Posted 08 May 2012 - 09:49 PM

I've never been in your position Taun, and so can only look in from the outside. I do know there is some truth in what you say. There have always been those opposed to manned missions and, in some cases, they put forward some very strong arguments.

Robot missions MUST be the precursors to manned missions, so to a degree I agree with those engineers. We need to know what conditions will be faced, where it is safe to land etc, before we can send astronauts. That is not anti-manned spaceflight, it's commonsense and it is how Apollo was done. No manned mission was sent to the moon until after the Lunar Orbiter, Lunar Ranger and Lunar Surveyor missions were completed.

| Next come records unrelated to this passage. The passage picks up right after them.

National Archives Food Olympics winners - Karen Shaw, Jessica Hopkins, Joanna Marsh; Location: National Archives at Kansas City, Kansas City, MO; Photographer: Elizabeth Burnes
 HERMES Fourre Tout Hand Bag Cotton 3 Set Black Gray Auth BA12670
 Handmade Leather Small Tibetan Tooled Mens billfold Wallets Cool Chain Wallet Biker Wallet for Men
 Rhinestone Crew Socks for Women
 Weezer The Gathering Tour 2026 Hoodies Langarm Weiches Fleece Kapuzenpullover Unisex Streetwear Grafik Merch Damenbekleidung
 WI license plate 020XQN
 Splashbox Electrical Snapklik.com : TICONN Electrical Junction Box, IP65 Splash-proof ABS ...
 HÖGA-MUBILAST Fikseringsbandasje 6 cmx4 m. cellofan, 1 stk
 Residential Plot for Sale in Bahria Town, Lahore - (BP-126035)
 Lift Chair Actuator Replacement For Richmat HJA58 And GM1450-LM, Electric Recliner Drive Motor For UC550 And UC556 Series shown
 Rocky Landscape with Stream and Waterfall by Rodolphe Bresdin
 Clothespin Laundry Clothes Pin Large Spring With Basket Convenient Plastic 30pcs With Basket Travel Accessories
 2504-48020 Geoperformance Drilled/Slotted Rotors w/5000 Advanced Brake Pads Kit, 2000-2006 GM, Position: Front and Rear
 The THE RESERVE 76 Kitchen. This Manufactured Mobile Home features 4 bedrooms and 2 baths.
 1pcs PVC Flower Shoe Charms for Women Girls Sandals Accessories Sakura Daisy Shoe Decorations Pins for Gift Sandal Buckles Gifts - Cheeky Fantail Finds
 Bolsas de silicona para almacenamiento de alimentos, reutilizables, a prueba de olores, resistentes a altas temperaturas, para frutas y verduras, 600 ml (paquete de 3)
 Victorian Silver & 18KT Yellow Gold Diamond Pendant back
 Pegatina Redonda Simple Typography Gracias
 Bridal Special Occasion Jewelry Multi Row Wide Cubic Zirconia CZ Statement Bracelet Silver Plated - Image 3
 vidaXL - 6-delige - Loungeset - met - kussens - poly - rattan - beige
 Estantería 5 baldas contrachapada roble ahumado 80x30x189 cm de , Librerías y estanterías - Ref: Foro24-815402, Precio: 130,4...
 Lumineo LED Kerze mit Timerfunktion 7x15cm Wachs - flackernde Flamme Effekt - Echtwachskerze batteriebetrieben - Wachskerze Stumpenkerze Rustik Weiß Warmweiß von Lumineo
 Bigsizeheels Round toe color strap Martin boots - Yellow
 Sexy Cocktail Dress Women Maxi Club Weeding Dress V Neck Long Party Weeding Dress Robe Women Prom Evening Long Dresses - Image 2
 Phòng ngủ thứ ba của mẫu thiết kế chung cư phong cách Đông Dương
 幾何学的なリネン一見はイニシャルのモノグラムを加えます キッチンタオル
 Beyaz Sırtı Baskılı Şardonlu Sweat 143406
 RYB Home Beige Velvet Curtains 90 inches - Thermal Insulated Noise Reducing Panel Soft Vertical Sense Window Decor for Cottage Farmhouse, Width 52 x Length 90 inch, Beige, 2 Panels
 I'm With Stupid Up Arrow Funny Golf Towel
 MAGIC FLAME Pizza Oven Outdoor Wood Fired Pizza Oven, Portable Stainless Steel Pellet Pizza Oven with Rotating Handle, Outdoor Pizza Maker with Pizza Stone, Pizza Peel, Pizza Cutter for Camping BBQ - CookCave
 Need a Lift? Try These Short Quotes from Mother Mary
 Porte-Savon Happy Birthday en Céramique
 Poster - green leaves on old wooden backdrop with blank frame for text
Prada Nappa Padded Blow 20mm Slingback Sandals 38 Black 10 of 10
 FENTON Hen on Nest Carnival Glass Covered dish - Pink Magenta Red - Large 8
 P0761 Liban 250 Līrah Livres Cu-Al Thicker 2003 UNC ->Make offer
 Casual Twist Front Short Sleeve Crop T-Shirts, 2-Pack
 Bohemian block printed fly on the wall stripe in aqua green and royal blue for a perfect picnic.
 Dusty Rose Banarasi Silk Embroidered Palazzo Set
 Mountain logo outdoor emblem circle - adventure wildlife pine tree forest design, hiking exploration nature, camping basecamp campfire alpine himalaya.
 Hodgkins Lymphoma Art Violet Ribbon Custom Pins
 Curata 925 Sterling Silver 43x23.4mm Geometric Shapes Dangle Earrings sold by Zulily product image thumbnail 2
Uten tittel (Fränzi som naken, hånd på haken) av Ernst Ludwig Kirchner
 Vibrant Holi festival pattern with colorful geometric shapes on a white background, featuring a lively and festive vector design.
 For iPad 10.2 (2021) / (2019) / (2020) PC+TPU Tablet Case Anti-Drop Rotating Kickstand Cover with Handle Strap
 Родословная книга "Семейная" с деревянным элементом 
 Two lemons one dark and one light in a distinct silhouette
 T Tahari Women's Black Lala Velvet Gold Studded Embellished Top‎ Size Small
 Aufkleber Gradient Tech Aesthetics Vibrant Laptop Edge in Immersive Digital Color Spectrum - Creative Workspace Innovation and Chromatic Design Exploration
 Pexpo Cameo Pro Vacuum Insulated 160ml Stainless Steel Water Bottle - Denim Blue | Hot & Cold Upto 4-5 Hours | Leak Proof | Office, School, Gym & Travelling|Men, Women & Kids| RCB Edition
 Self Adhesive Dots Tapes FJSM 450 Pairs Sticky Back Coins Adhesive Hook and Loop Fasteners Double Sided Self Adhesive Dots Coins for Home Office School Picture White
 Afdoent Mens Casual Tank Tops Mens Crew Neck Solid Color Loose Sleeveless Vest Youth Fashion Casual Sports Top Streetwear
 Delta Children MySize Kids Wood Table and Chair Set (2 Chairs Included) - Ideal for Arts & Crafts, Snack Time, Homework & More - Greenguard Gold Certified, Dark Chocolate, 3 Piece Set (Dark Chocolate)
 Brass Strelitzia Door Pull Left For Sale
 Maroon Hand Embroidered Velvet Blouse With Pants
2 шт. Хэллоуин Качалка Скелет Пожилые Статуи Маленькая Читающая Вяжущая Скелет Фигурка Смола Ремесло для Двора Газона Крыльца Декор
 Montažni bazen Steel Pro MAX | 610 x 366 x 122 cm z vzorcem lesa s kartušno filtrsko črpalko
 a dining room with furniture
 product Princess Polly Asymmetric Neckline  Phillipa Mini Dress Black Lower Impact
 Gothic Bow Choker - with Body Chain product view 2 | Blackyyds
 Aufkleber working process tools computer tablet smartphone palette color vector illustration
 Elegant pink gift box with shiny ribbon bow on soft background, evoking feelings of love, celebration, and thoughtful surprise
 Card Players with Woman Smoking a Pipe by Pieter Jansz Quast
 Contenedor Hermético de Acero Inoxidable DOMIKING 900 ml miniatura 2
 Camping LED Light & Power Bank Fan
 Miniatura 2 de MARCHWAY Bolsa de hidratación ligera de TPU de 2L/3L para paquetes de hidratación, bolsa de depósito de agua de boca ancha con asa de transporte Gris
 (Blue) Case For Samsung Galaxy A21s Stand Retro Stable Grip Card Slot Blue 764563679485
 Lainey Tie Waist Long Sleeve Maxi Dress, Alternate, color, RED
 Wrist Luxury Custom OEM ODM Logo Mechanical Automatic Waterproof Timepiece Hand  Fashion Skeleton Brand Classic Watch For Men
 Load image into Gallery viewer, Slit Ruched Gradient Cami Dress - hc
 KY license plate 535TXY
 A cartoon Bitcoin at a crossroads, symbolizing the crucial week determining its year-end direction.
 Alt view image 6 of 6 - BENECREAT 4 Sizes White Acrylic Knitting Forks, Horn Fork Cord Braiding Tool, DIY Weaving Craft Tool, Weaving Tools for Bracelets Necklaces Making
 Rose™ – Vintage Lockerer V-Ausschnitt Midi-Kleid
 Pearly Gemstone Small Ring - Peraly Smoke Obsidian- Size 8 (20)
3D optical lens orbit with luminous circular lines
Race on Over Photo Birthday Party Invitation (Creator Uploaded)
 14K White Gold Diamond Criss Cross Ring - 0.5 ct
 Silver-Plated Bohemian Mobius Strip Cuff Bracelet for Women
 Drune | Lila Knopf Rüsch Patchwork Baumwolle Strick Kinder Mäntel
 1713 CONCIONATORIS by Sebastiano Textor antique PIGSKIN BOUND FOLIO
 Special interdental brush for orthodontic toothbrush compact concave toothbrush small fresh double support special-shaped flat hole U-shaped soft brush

There are those in the science community that believe the science can be better accomplished by unmanned missions (James Van Allen was in this camp). Again there is a good argument. Imagine what could have been achieved by unmanned missions to the moon if they had Apollo's budget. The advancements in robotics could have been amazing.

We can send robots to places it would simply not be safe to send humans.

One of the biggest arguments for manned missions is the flexibility that humans provide over computers. Humans can make decisions that computers can not, however as computing advances that may not be the case much longer.

The one thing all of the arguments I have presented assume is that science is the only thing that these missions should be focused on. Personally I think there is more to manned exploration than this. Apollo inspired a generation to become scientists and engineers in a way that no unmanned mission could have achieved.

We need both manned and unmanned exploration. They compliment each other.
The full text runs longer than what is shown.